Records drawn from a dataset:
^^^^
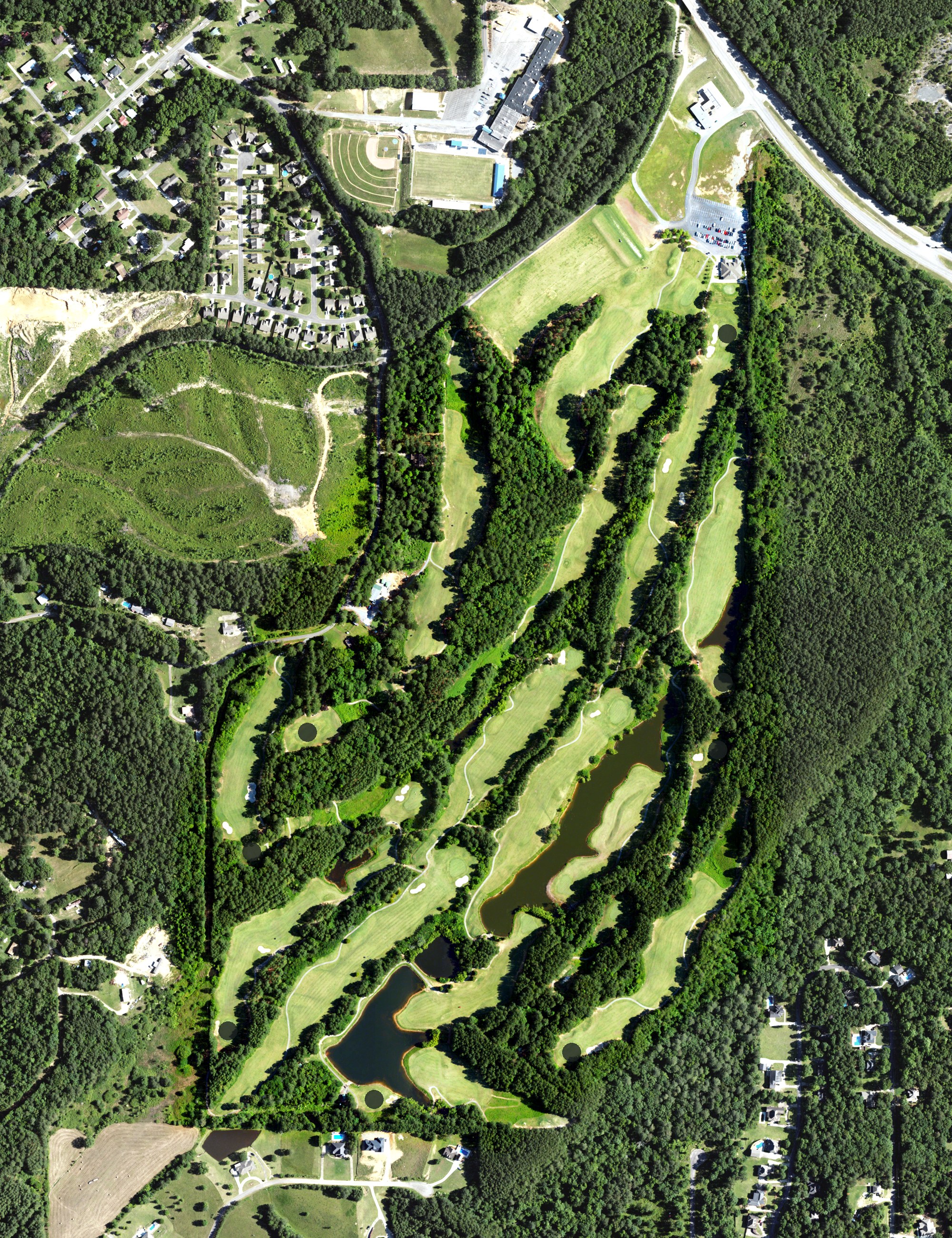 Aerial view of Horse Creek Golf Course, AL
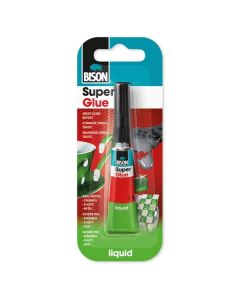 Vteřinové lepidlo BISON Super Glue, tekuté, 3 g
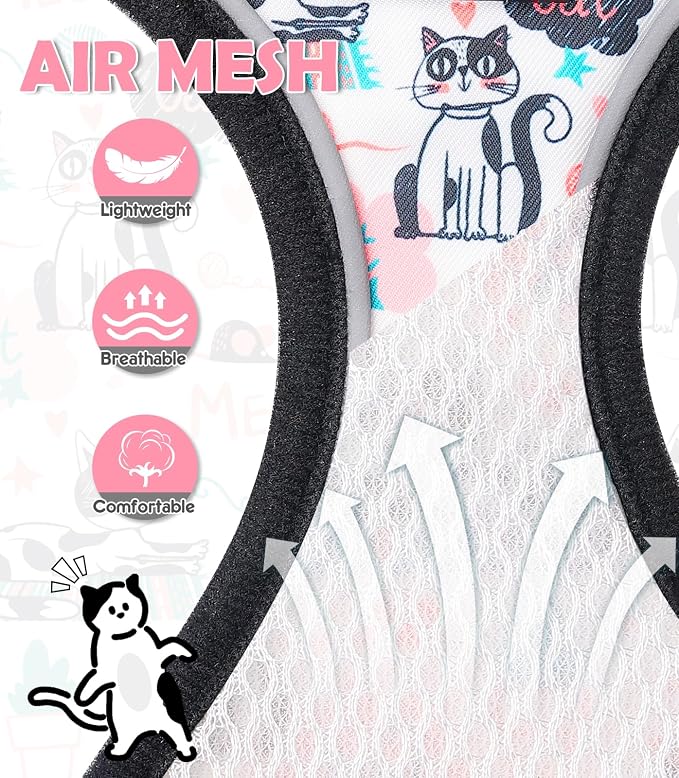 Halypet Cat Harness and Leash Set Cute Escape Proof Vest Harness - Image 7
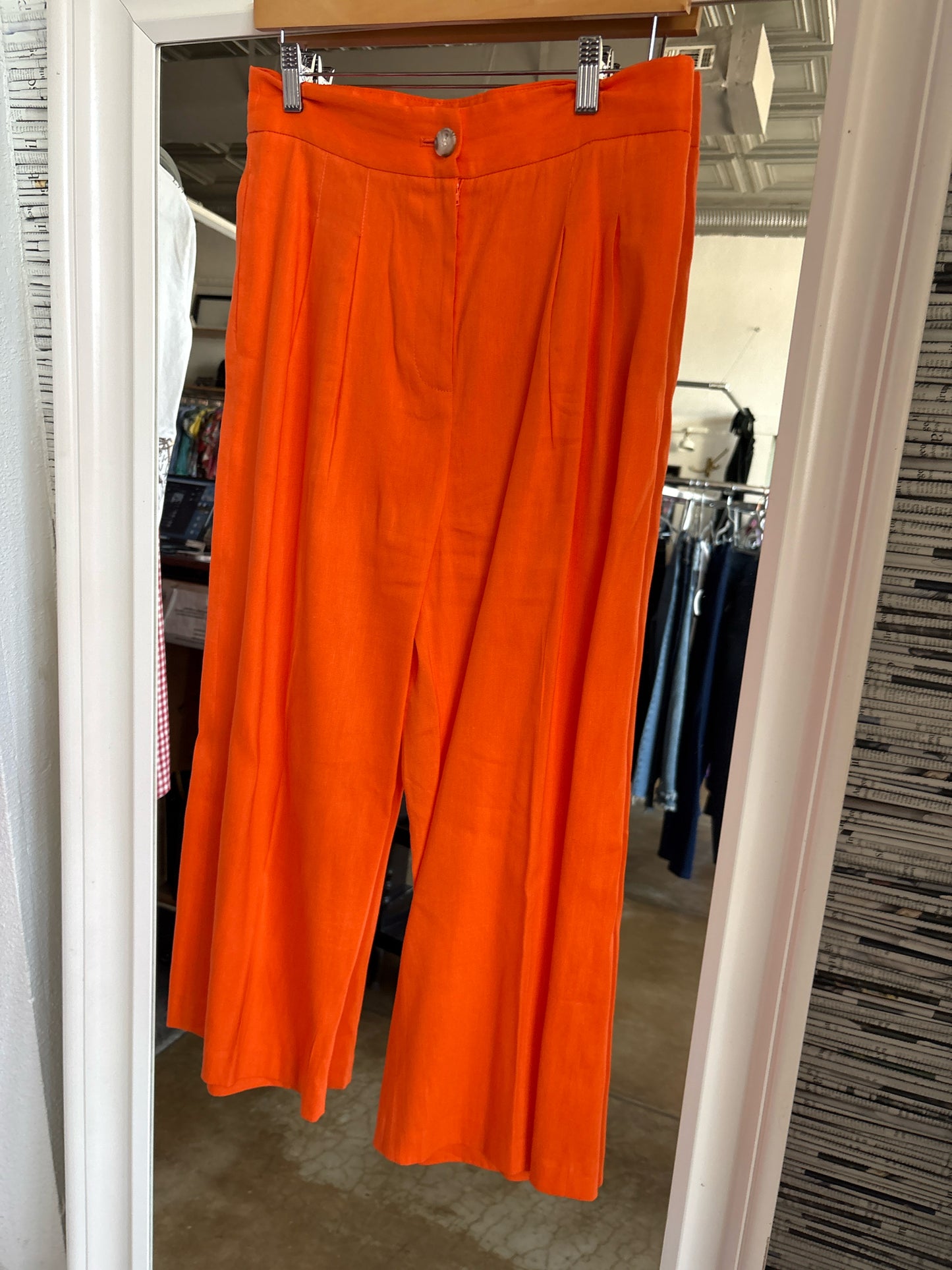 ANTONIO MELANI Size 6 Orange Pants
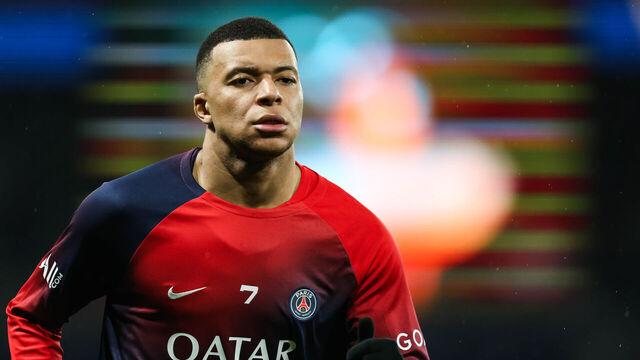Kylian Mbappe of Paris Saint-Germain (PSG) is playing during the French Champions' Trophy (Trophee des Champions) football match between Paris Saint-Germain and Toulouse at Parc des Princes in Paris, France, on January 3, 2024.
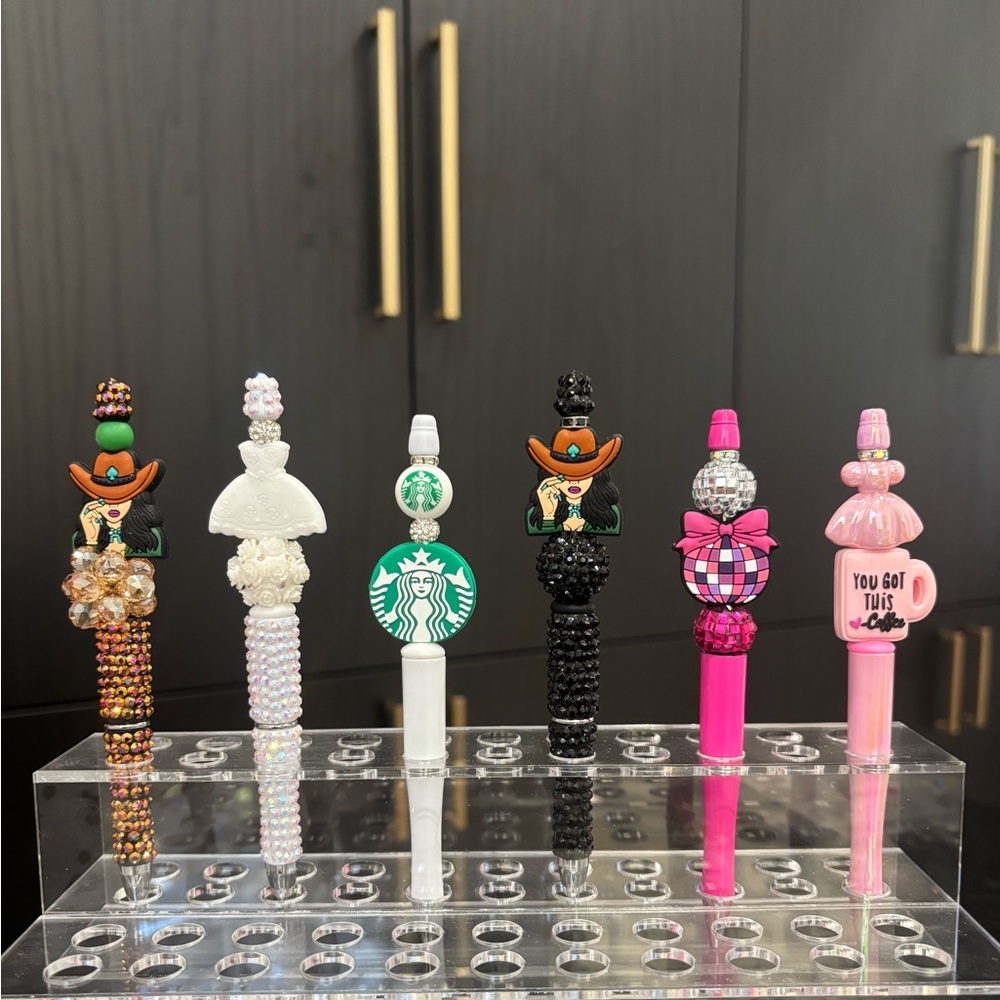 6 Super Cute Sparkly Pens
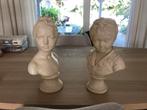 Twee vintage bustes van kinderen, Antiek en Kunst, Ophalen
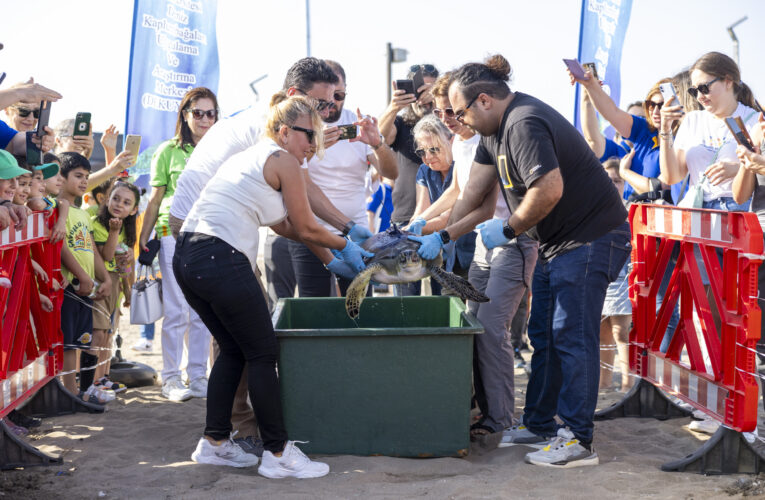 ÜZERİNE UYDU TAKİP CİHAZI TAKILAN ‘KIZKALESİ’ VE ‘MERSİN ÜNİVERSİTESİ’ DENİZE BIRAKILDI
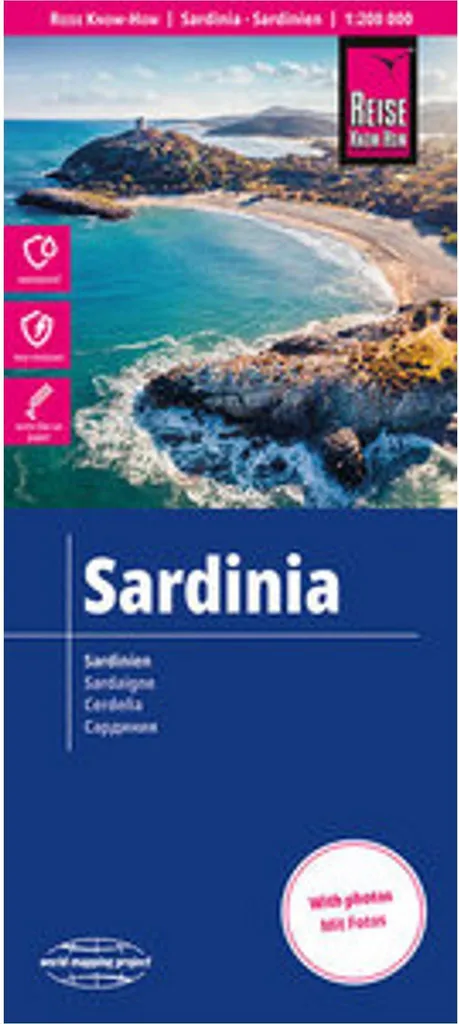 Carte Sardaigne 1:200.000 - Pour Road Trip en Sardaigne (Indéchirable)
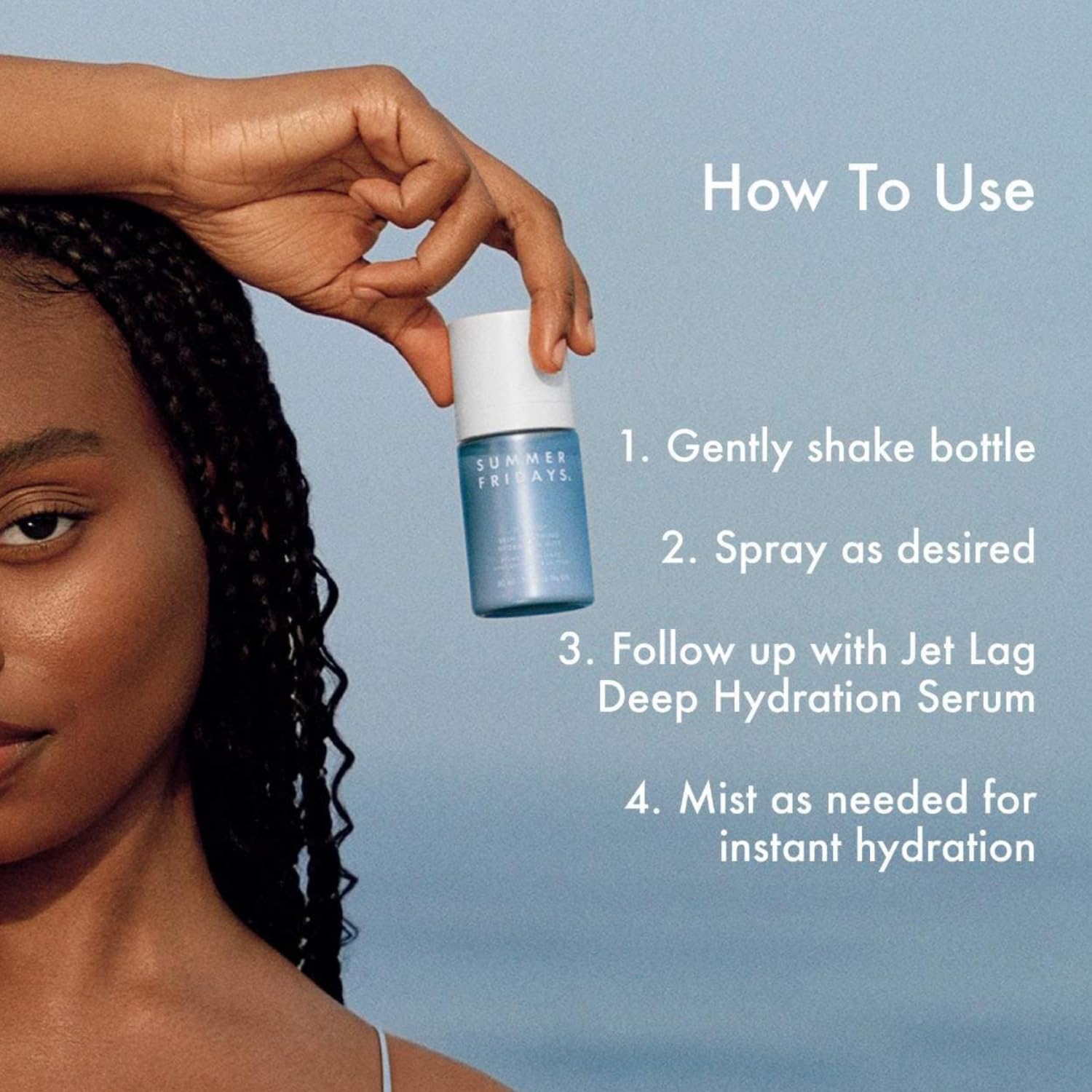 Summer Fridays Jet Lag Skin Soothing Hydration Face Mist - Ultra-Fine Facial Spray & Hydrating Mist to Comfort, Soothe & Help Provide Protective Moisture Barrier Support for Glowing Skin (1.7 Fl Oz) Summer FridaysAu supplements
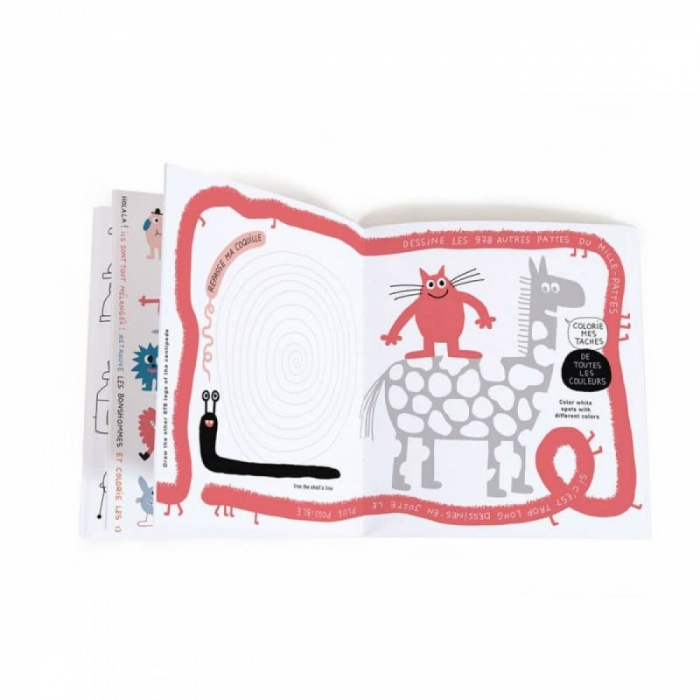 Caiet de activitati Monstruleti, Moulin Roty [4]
^^^^
Your goal ▸ Output, exactly and with no pictures, every line from the one that contains "Twee vintage bustes" through the final line of the entries.

Result for this exercise ▸
 Twee vintage bustes van kinderen, Antiek en Kunst, Ophalen
 ÜZERİNE UYDU TAKİP CİHAZI TAKILAN ‘KIZKALESİ’ VE ‘MERSİN ÜNİVERSİTESİ’ DENİZE BIRAKILDI
 Carte Sardaigne 1:200.000 - Pour Road Trip en Sardaigne (Indéchirable)
 Summer Fridays Jet Lag Skin Soothing Hydration Face Mist - Ultra-Fine Facial Spray & Hydrating Mist to Comfort, Soothe & Help Provide Protective Moisture Barrier Support for Glowing Skin (1.7 Fl Oz) Summer FridaysAu supplements
 Caiet de activitati Monstruleti, Moulin Roty [4]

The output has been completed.